Moles

I don’t know anyone who doesn’t like Moley, one of the characters in ‘The Wind in the Willows’, but real moles are obviously very different… for a start they don’t speak, wear clothes or have friends who are water rats!

I mentioned Mole in a past the other day, and then saw  a post by someone else who mentioned she had seen a live mole and had stroked it. I commented she was lucky not be bitten as they are vicious little creatures. I know this because many years ago, when I was on holiday in Scotland with my dad, Donald, we saw one being attacked by a sea-gull. Donald scared the bird away and then went to pick the mole up to put it under some bushes and out of sight of predators and the little black gentleman bit him! He gently pushed the mole with his well-booted shoe as he staunched the blood from his wound!

Coincidentally another friend yesterday mentioned that her mother had been bought a moleskin coat by her second husband, and had not actually liked it and passed it on to my friend who was a student at the time, and wore it with great panache. When she told me this, I then told her about another story concerning Donald and a mole.

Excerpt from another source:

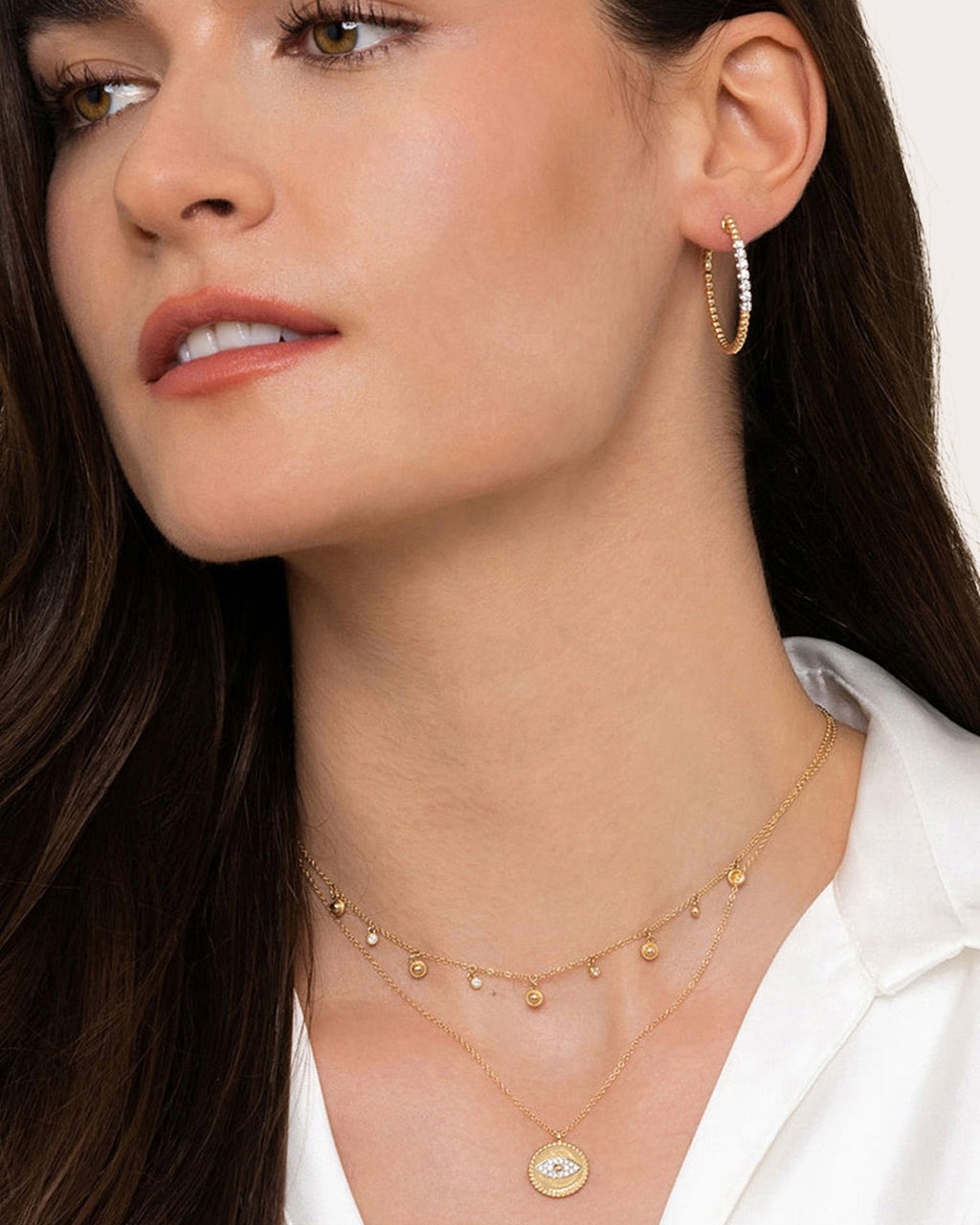 Diamond & 14k Gold Bujukan Classic Hoop Earrings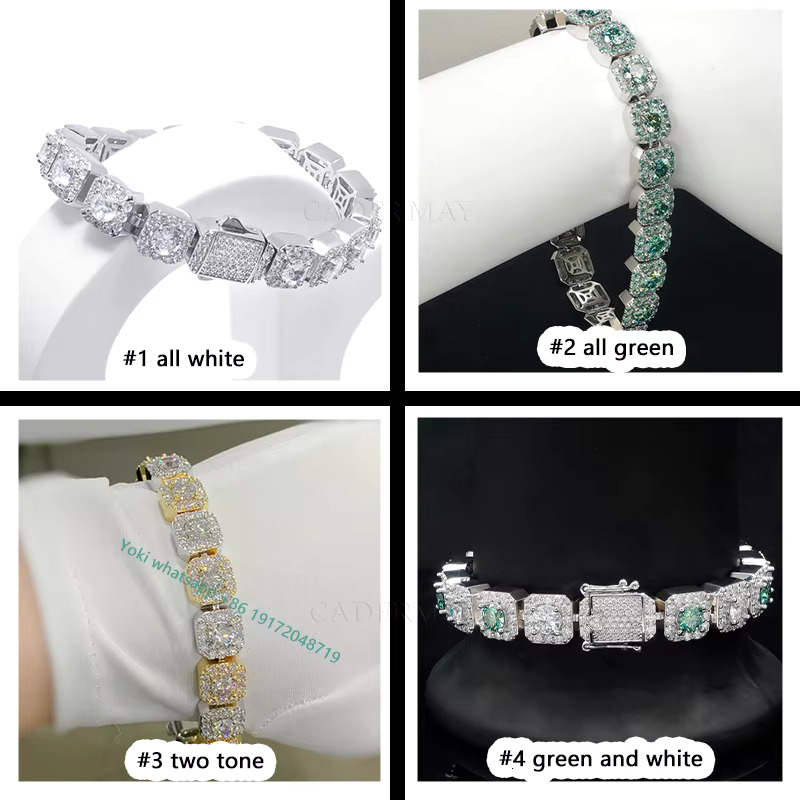 Hiphop Rock Candy Moissanite Chain Micro Clustered Tennis Chain 10mm 925Silver Iced Out VVS Square Moissanite Necklace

When Donald was a young lad he was a real country boy and went out with game-keepers, farmers and other men, collecting watercress and toads, clearing ditches and ponds, and whether we approve of it or not, hunting and shooting. Donald would go out with an old man who was a mole-catcher, and Donald collected the dead moles from the traps. He must have been about nine or ten and his ambition was to have a moleskin waistcoat, a fine black shiny velvet waistcoat  so he skinned the moles and pinned the skins out on a board  which he kept under his bead (ugh!) Unfortunately for him, his mum, Maudie found them and threw them away. He never forgot the loss of his moleskins and nearly seventy years later he still told the tale in a sorry tone.